I think where the friction in B2B payments happens is where there are silos of data…and the transactional pieces of payment happen between silos. There’s stuff that happens in a black box, and then something’s handed off to another black box, and stuff happens within that. We’re trying to solve that, and right now, our first step is into…on-time, net term settlement of B2B payments by…removing the barriers of that black box and making everything transparent…to all parties: what’s happening from the moment invoices are approved and scheduled to pay, every step along the way, all the way until the funds get into the supplier’s bank account and they know exactly what they’re for.
But there [are] other silos and walls and black boxes, if you will…in the B2B payments sphere. You think about things like…foreign exchange. There is so much friction in FX – there are a lot of people, a lot of companies, a lot of banks, making a lot of money on foreign exchange because it’s very opaque, it’s very slow, it’s all kind of stuck within the walls. They say, “[If] you want to move money across borders, and change funds, then you’ve got to do it through us, and we control it.” And…the margins there are huge. To a large part, it’s because of opacity.
Where I think the innovation is going to be happening in B2B payments is where the technology of today – business networks, in particular, are well-poised to make this happen – but that innovation’s going to happen where those layers of opacity are removed and…controlled transparency is brought to the marketplace, where you now can see the opportunities in front of you.

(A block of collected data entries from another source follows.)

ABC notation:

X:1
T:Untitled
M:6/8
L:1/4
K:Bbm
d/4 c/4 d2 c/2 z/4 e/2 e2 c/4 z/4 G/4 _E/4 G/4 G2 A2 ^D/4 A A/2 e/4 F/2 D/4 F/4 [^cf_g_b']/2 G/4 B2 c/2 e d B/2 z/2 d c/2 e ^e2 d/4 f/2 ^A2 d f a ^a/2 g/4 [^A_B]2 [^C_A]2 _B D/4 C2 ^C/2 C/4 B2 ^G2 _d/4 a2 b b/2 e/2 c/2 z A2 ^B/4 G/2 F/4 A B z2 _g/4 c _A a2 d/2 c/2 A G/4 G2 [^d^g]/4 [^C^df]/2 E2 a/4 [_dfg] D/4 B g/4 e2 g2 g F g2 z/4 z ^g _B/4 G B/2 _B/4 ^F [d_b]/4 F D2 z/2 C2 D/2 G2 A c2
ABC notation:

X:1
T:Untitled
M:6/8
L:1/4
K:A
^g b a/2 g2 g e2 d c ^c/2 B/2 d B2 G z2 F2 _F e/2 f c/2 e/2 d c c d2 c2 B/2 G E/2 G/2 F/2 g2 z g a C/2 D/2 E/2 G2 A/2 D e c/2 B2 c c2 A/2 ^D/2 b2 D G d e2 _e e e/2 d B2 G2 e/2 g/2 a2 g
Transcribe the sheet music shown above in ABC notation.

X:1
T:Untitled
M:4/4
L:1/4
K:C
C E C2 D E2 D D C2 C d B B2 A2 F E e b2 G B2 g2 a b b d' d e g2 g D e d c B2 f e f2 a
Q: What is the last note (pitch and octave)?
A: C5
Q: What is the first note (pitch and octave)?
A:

I like to say that benefit comes in B2B payment as a confluence of opportunity, visibility and capability. The opportunity would be to have electronic invoicing and automated processes that create the opportunity very early on, before the settlement of that has to happen; visibility into it, for all the different parties who are involved – the buyer, the payer, the receiver, the funds, and any third parties…all have visibility into their part of the opportunity and into the view of it as a whole. And then the capability – the technology to then click a couple [of] buttons and make that opportunity happen.
I think we’re at the point now where those things are starting to develop. The business networks – Ariba, preeminently – are established and growing at now a very hockey-stick-type of growth…and that brings with it all that data, brings the opportunity, the automation, the visibility for millions of different businesses. And then we’re just…consistently building those…capabilities into it to do different types of things.
So I think the innovation’s going to revolve around that dynamic, but it’s going to hit different areas…like foreign exchange, or financing – whether that be on pre-shipment, or P.O. financing…all that type of stuff.